In 7th grade my daughter wrote a collection of poems, read a hundred books and wrote 2/3 of a fantasy novel.  In 7th grade I wrote a book report and some notes to friends that I folded into airplanes and threw across the classroom.  In 4th grade my son made an incredible sculpture with his hopes for the world including things like human rights and an end to suffering.  When I was in 4th grade I actually sneezed so hard that I fell out of circle time.

I am constantly astounded by these little people.  A drawing, a poem, an eloquent sentiment.  They are truly amazing in a million ways that seem completely  and wonderfully unproductive to me.  Not that I can see into a crystal ball and predict the future but the ability to create a human-rights- sculpture doesn't feel totally like a career task.  And every once in a while that freaks me out.

And yet, freaked out as it makes me, all of these kids go to schools that I myself sought out to honor and engage their creativity, individuality and unique problem solviness.  And I pay for these happily and willingly so that they don't have to feel squeezed into some shape that doesn't suit them.  Somehow I know that it's the right thing even without a precise vision for its outcome.  The development of these counterproductively creative souls could lead to something - some off center type of innovative productivity that I can't even imagine...  Or it could lead to the need for a huge basement for my adult kids to live in.  I'm not quite sure.

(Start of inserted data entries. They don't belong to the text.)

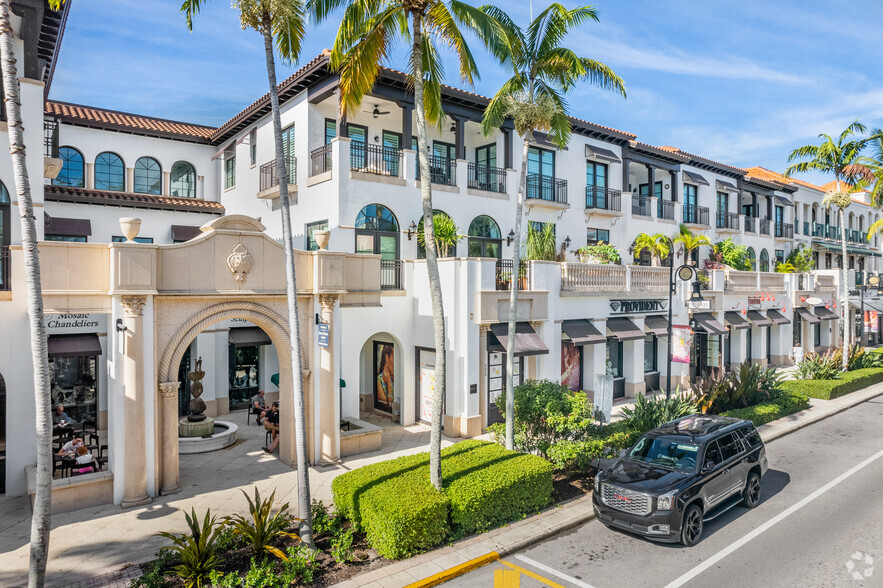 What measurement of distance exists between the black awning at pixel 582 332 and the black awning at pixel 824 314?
22864 mm

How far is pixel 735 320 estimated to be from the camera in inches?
1116

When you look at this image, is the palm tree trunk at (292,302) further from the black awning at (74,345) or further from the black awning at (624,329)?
the black awning at (624,329)

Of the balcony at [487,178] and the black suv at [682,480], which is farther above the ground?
the balcony at [487,178]

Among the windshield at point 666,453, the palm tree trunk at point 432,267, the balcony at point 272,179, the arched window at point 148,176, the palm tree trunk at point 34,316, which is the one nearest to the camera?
the palm tree trunk at point 34,316

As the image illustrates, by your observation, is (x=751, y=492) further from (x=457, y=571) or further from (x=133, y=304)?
(x=133, y=304)

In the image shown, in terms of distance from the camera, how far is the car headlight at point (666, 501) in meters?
9.80

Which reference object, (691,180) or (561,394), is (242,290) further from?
(691,180)

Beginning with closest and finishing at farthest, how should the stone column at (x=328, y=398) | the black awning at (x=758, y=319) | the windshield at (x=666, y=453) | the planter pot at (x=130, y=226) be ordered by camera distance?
the windshield at (x=666, y=453) → the planter pot at (x=130, y=226) → the stone column at (x=328, y=398) → the black awning at (x=758, y=319)

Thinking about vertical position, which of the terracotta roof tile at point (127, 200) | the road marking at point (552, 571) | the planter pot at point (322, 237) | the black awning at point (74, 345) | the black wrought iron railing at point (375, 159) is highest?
the black wrought iron railing at point (375, 159)

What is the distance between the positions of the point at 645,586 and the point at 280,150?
9.66m

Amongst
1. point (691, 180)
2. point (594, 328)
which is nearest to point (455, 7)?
point (594, 328)

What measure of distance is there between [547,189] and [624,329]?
7.01 metres

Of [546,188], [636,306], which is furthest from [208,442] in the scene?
[636,306]

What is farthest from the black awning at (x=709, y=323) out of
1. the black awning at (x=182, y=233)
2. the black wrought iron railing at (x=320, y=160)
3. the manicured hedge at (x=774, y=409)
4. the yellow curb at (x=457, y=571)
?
the black awning at (x=182, y=233)
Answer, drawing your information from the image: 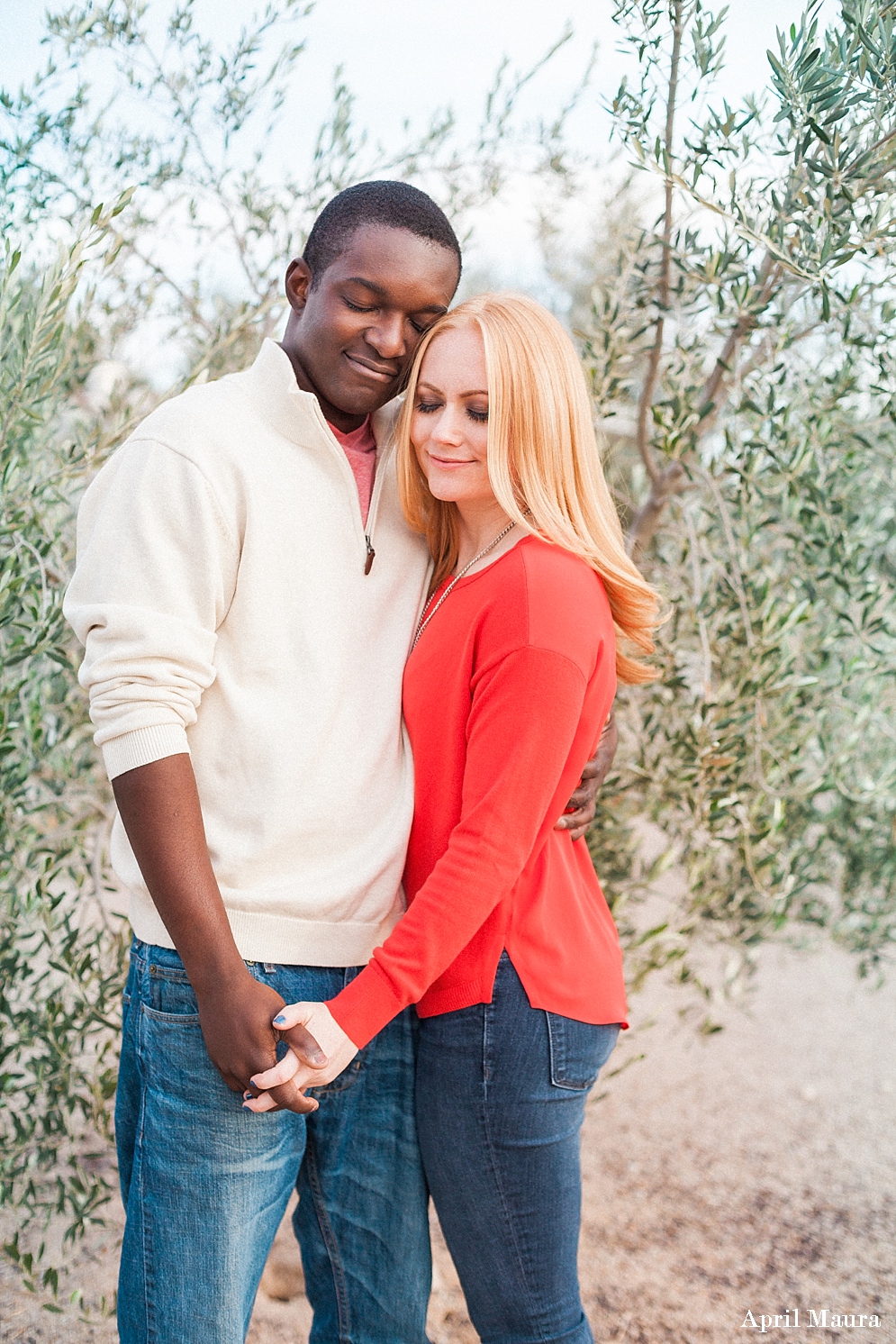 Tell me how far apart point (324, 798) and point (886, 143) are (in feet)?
5.50

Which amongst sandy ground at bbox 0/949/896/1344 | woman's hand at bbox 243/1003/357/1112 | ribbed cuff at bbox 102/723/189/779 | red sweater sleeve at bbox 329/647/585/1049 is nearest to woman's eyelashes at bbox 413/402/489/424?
red sweater sleeve at bbox 329/647/585/1049

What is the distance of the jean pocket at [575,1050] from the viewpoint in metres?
1.82

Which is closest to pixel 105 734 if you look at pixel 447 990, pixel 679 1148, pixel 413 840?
pixel 413 840

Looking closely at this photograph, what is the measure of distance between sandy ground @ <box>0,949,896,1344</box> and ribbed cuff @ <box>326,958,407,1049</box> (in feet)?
5.31

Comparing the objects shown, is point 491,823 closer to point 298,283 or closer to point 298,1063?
point 298,1063

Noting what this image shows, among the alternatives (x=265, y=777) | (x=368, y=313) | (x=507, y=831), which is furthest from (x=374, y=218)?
(x=507, y=831)

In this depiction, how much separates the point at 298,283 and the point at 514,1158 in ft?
5.63

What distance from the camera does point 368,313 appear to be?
6.32ft

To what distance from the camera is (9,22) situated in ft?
8.48

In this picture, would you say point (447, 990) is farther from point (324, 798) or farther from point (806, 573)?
point (806, 573)

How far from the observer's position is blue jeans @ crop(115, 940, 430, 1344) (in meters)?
1.69

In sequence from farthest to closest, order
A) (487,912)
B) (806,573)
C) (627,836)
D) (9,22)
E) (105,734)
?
(627,836) < (806,573) < (9,22) < (487,912) < (105,734)

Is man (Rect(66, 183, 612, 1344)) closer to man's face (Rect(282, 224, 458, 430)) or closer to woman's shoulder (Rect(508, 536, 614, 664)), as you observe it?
man's face (Rect(282, 224, 458, 430))

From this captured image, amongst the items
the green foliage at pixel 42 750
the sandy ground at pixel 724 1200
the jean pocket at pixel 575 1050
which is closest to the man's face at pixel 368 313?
the green foliage at pixel 42 750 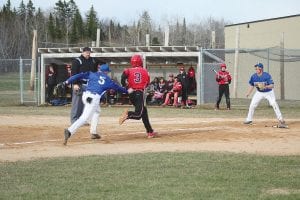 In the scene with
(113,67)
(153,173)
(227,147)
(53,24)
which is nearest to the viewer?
(153,173)

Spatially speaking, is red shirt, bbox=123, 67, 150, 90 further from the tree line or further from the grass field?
the tree line

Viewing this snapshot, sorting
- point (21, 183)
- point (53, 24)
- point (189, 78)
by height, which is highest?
point (53, 24)

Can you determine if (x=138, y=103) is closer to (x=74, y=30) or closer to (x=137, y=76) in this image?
(x=137, y=76)

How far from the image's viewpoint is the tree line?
63.0 meters

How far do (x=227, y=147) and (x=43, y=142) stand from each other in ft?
12.6

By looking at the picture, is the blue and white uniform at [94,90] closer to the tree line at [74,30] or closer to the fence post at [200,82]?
the fence post at [200,82]

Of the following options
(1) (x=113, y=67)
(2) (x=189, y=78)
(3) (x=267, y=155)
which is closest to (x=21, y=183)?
(3) (x=267, y=155)

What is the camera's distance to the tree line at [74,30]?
63031 millimetres

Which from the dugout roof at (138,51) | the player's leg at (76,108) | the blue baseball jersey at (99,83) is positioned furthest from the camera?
the dugout roof at (138,51)

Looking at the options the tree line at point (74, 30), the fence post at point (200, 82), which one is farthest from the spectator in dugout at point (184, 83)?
the tree line at point (74, 30)

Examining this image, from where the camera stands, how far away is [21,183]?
7480mm

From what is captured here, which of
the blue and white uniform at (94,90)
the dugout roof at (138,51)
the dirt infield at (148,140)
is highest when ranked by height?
the dugout roof at (138,51)

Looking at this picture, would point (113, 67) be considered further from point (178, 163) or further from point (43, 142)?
point (178, 163)

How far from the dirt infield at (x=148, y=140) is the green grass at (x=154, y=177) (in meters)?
1.05
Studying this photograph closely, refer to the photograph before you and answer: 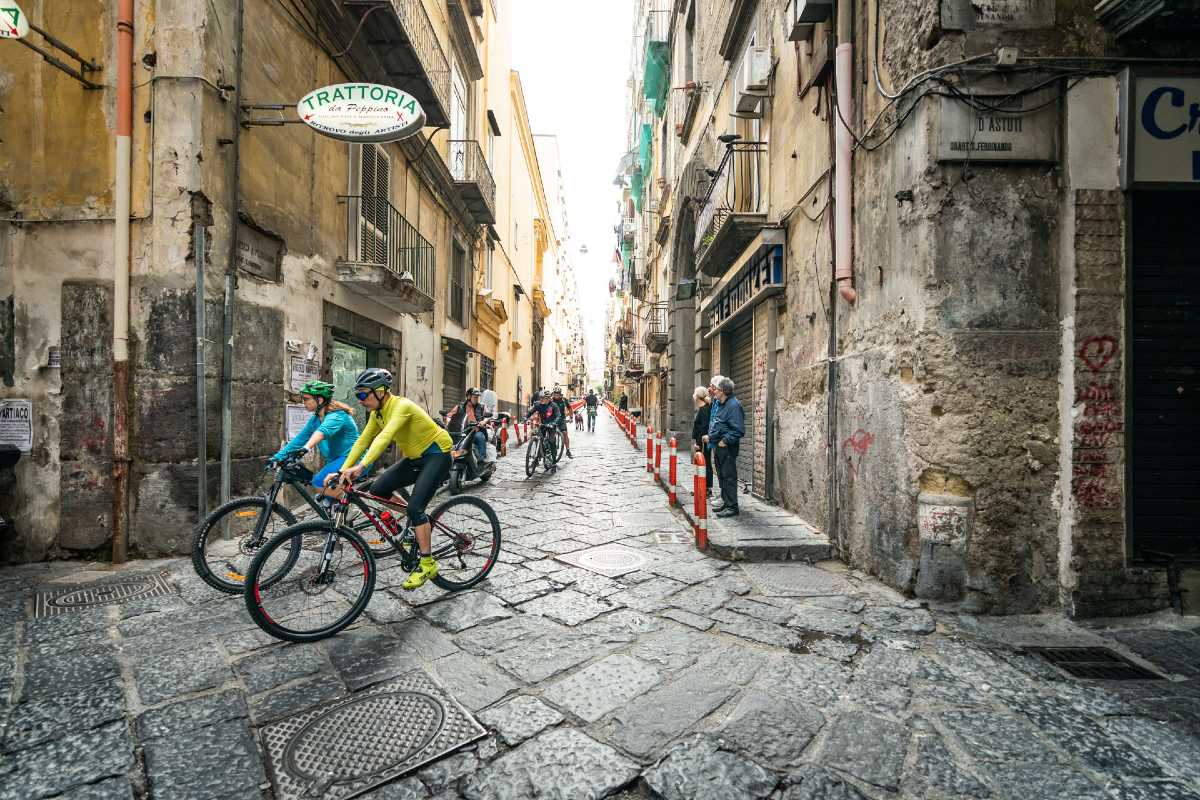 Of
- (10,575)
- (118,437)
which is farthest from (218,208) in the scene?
(10,575)

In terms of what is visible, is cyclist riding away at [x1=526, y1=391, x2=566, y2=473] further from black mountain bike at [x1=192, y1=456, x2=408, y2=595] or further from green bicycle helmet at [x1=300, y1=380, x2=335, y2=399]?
black mountain bike at [x1=192, y1=456, x2=408, y2=595]

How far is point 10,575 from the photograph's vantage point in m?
4.94

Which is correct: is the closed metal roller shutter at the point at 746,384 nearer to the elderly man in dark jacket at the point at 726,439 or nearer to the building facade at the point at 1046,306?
the elderly man in dark jacket at the point at 726,439

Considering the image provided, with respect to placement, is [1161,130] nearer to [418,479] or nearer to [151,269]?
[418,479]

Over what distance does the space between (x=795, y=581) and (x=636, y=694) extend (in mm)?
2385

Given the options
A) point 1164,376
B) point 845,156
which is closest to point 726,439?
point 845,156

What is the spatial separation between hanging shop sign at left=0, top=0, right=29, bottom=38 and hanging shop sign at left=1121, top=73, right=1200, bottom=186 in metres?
8.22

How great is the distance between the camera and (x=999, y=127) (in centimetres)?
411

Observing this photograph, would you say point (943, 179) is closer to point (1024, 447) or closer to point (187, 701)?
point (1024, 447)

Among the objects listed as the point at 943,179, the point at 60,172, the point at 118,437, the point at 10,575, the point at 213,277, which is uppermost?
the point at 60,172

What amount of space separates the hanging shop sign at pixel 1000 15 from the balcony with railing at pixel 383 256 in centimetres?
723

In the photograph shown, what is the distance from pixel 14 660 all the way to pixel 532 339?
97.4 ft

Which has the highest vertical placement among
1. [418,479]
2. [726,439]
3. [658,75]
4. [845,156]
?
[658,75]

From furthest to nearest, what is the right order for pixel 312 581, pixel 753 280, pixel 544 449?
pixel 544 449
pixel 753 280
pixel 312 581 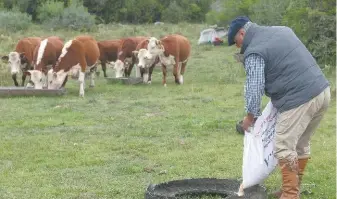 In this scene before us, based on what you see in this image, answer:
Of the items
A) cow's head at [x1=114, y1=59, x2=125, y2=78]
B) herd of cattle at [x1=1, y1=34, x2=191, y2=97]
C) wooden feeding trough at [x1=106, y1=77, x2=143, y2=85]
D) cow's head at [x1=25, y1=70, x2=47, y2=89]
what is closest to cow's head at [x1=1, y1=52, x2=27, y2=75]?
herd of cattle at [x1=1, y1=34, x2=191, y2=97]

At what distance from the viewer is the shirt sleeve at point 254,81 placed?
5.87m

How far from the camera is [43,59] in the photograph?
54.7 feet

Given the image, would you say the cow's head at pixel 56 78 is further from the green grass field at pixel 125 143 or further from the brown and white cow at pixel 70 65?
the green grass field at pixel 125 143

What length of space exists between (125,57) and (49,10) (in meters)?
24.5

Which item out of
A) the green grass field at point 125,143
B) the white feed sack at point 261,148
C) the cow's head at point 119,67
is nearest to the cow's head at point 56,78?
the green grass field at point 125,143

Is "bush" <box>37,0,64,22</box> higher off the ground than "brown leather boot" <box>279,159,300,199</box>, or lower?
lower

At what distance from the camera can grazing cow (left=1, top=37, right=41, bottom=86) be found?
17.7 m

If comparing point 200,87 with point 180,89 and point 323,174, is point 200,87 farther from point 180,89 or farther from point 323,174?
point 323,174

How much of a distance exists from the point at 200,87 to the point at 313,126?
37.1 ft

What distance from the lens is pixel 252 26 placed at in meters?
6.10

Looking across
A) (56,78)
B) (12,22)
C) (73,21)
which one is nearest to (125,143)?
(56,78)

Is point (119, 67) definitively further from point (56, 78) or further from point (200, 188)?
point (200, 188)

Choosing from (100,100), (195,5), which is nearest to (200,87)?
(100,100)

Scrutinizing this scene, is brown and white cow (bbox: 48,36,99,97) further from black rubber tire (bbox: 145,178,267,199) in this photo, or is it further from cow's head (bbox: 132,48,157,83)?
black rubber tire (bbox: 145,178,267,199) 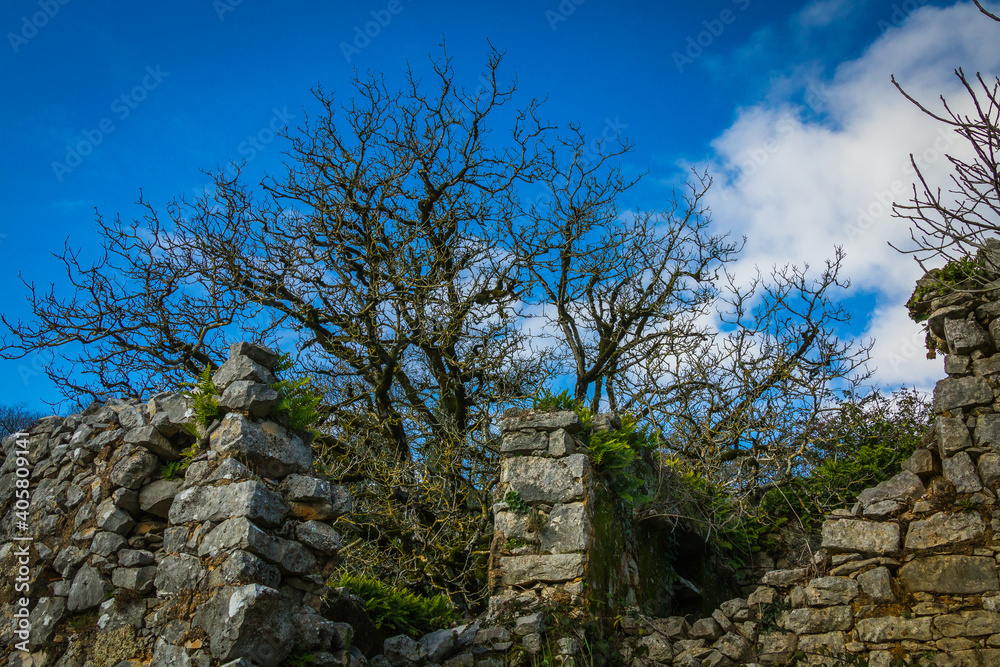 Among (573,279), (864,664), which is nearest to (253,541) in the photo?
(864,664)

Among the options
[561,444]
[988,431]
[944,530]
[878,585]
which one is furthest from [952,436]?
[561,444]

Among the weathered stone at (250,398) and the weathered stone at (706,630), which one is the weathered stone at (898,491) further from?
the weathered stone at (250,398)

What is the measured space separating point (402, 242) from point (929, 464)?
7408 mm

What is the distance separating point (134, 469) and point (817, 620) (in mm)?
5212

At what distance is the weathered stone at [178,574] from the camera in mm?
3887

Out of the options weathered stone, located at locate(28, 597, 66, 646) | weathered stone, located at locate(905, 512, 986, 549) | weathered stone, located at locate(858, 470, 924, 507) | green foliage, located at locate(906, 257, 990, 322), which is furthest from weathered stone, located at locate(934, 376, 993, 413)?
weathered stone, located at locate(28, 597, 66, 646)

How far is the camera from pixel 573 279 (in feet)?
38.6

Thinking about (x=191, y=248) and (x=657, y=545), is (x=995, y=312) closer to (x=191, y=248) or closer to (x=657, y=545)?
(x=657, y=545)

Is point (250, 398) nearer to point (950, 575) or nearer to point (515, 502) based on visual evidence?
point (515, 502)

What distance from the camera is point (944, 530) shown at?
204 inches

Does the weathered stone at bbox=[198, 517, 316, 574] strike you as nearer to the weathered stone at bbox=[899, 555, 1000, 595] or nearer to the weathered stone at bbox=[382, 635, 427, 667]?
the weathered stone at bbox=[382, 635, 427, 667]

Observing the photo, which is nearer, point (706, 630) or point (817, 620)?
point (817, 620)

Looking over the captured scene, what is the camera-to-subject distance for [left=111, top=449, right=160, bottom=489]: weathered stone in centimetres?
454

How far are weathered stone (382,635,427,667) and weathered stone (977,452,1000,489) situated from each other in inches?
175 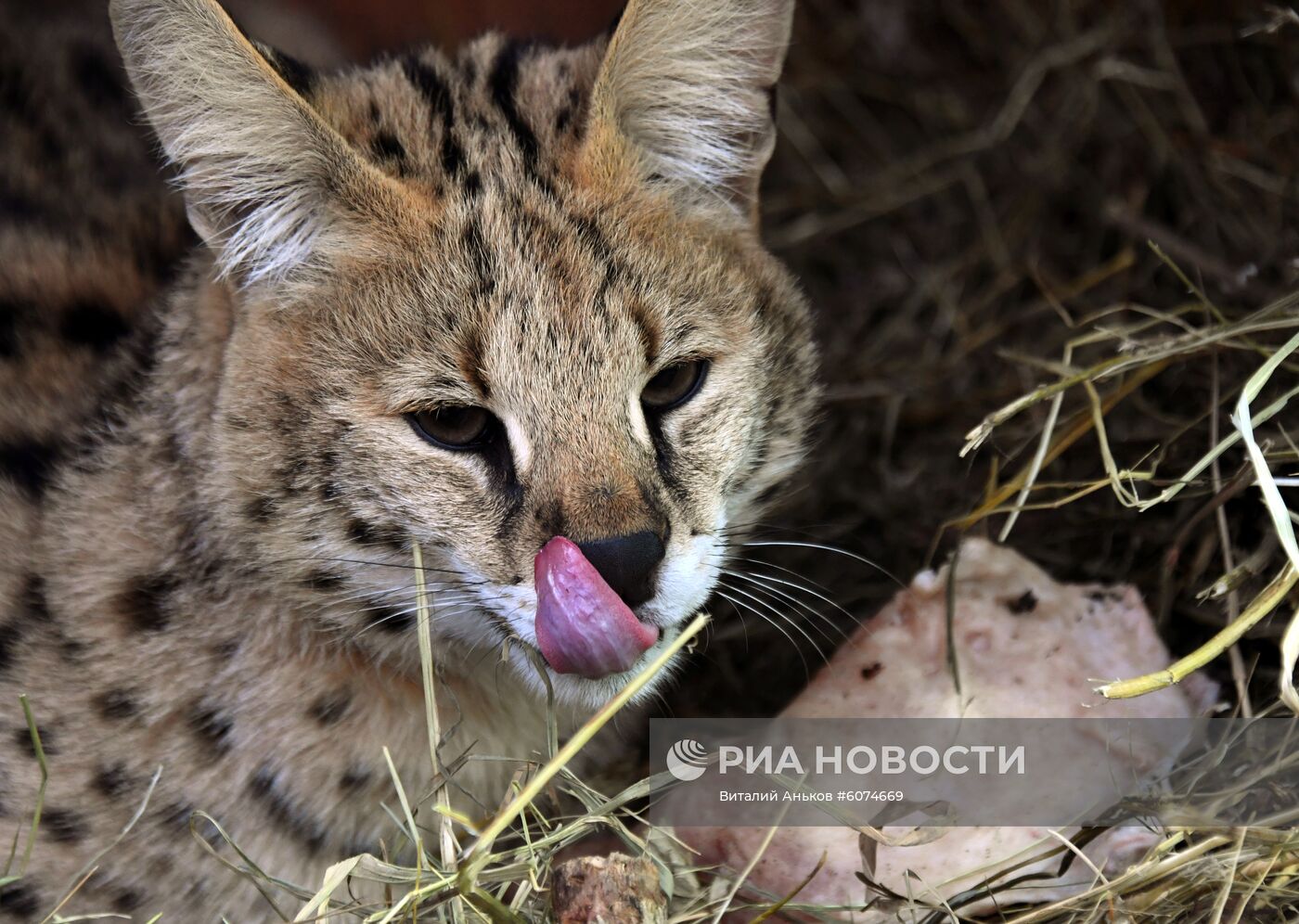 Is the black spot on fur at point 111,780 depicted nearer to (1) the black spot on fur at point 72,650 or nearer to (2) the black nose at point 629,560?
(1) the black spot on fur at point 72,650

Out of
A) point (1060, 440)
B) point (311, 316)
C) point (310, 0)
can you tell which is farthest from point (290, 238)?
point (310, 0)

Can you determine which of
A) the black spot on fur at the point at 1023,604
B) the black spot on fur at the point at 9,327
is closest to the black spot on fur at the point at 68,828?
the black spot on fur at the point at 9,327

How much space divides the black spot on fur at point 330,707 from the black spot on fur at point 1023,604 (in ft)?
4.41

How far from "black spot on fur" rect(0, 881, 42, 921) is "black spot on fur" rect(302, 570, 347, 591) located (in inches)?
A: 32.0

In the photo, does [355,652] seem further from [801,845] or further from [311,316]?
[801,845]

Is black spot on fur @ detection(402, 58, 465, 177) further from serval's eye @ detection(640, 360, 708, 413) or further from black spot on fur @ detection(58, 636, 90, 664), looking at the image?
black spot on fur @ detection(58, 636, 90, 664)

The task of raising and educating kids is giant and no matter what school I choose for a child's unique learning needs, none will be equal to it.  And no matter if I provide the pinnacle of perfect parenting, I am not equal to it.  And so I, like everyone else, hope that what I can do, what I do do, is right and good enough.  I am choosing to raise some creative, out of the box kids who can push boundaries in themselves and in the world around them.  I am choosing to close my eyes and spin around blindfolded and hope that my instincts are good enough.  Because, in all truth, what else is there to do.